■ **Exercise**: In your copy, each record should read exactly as it does below, and no pictures should be present.

■ **Given entries**:
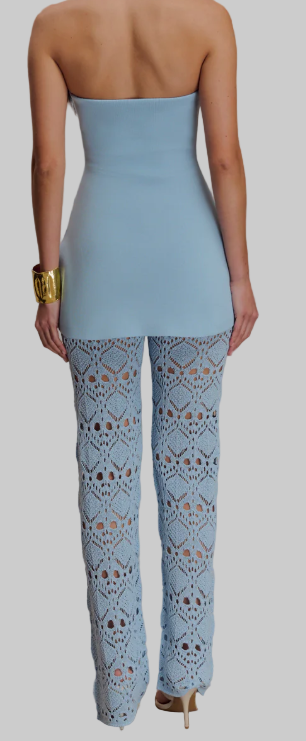 Anette Bandage Knit & Trena Knit Pants by MESHKI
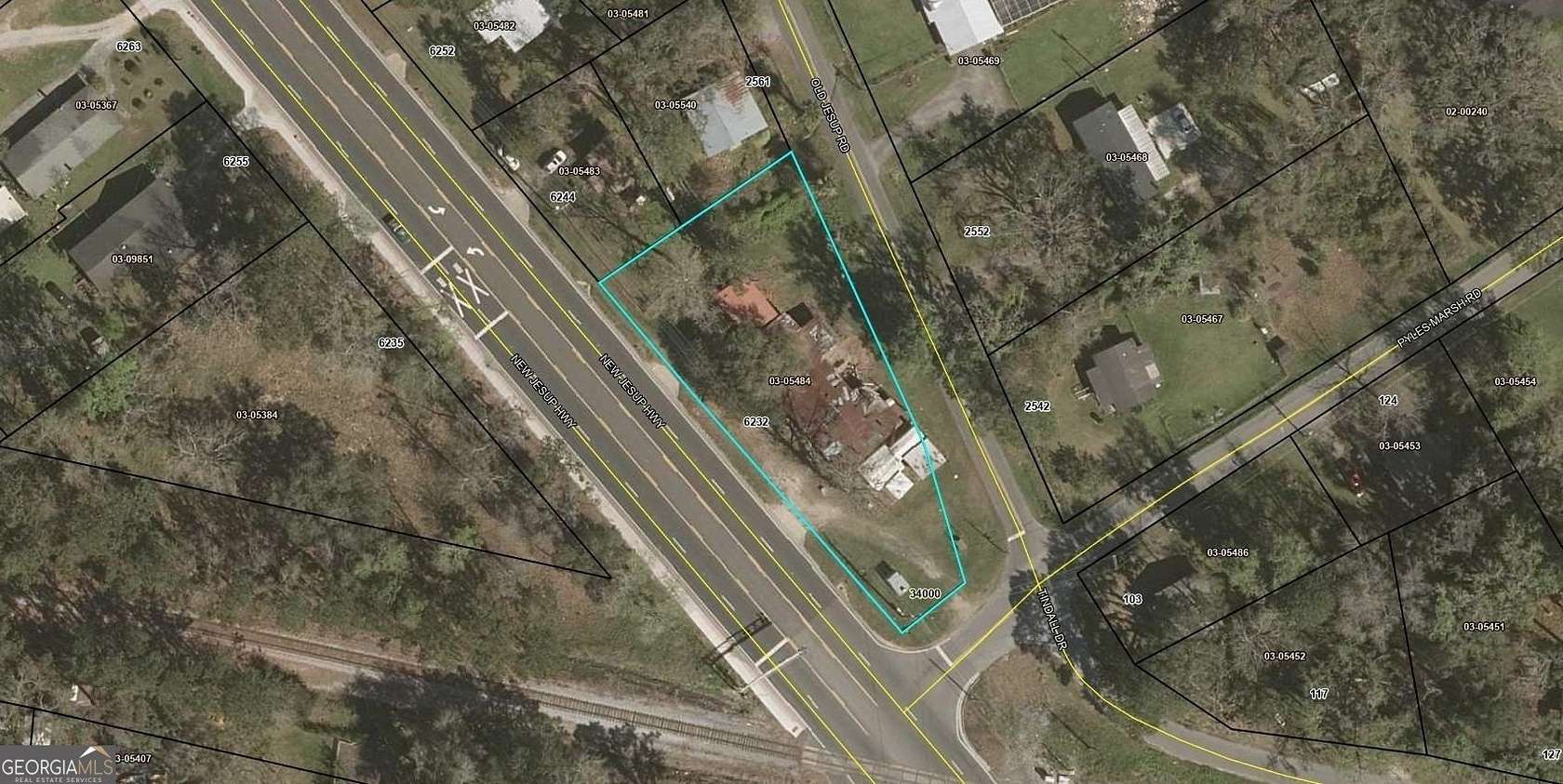 0.55 Acres of Commercial Land for Sale in Brunswick, Georgia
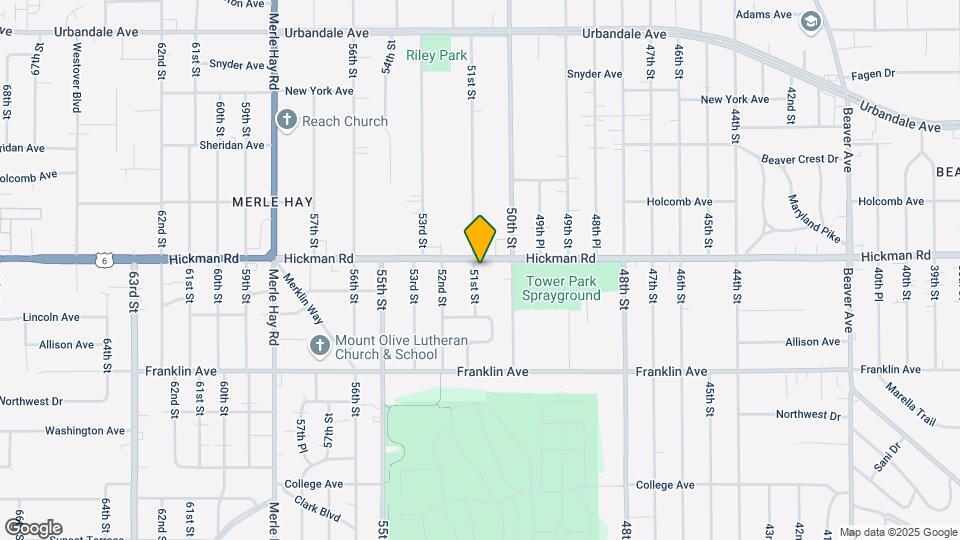 2219 51st St Map and Location Details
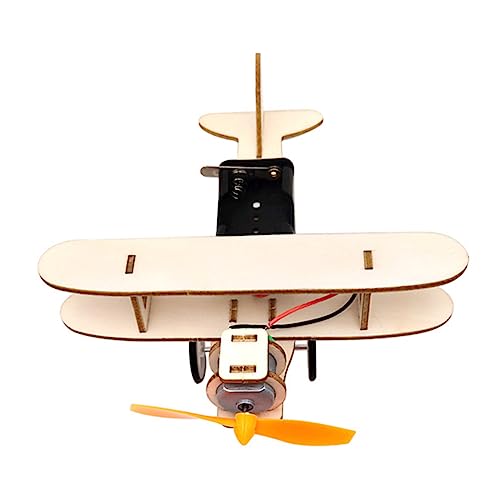 Kisangel 1Satz DIY Holzflugzeug Modellbau Elektrisches Gleiflugzeug Für Fördert Kreativität Und Lernfähigkeiten Aus Hochwertigem Holz Sicher Und Langlebig von Kisangel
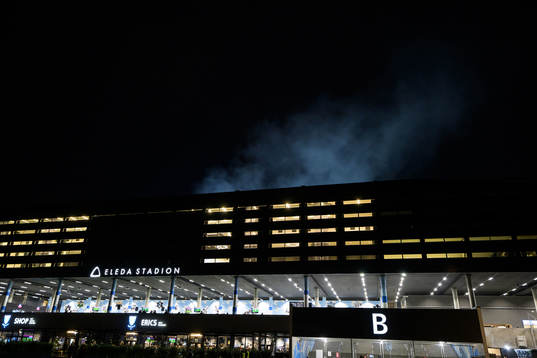 Rök över Eleda stadion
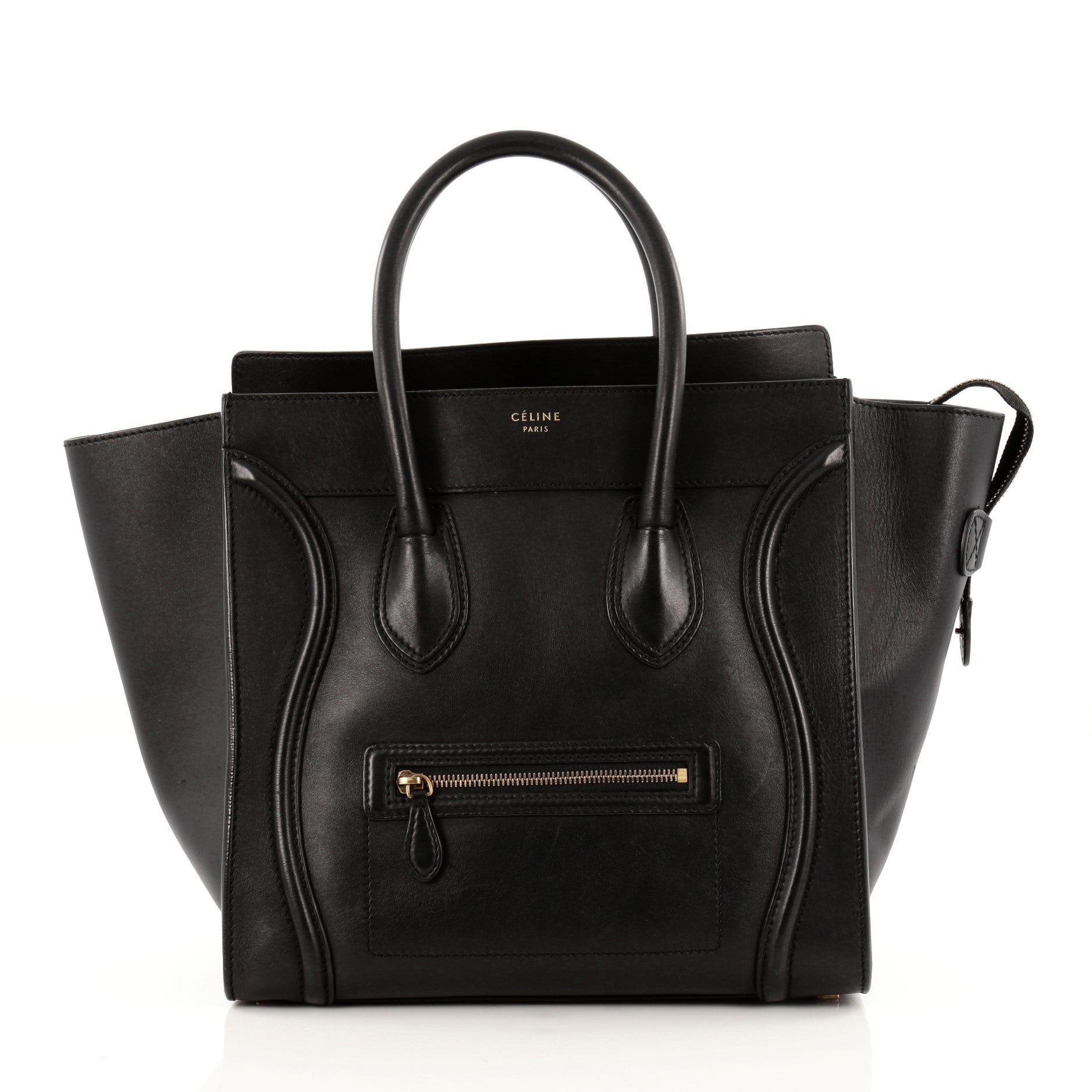Luggage Handbag Smooth Leather Mini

■ **Completed exercise**:
 Anette Bandage Knit & Trena Knit Pants by MESHKI
 0.55 Acres of Commercial Land for Sale in Brunswick, Georgia
 2219 51st St Map and Location Details
 Kisangel 1Satz DIY Holzflugzeug Modellbau Elektrisches Gleiflugzeug Für Fördert Kreativität Und Lernfähigkeiten Aus Hochwertigem Holz Sicher Und Langlebig von Kisangel
 Rök över Eleda stadion
Luggage Handbag Smooth Leather Mini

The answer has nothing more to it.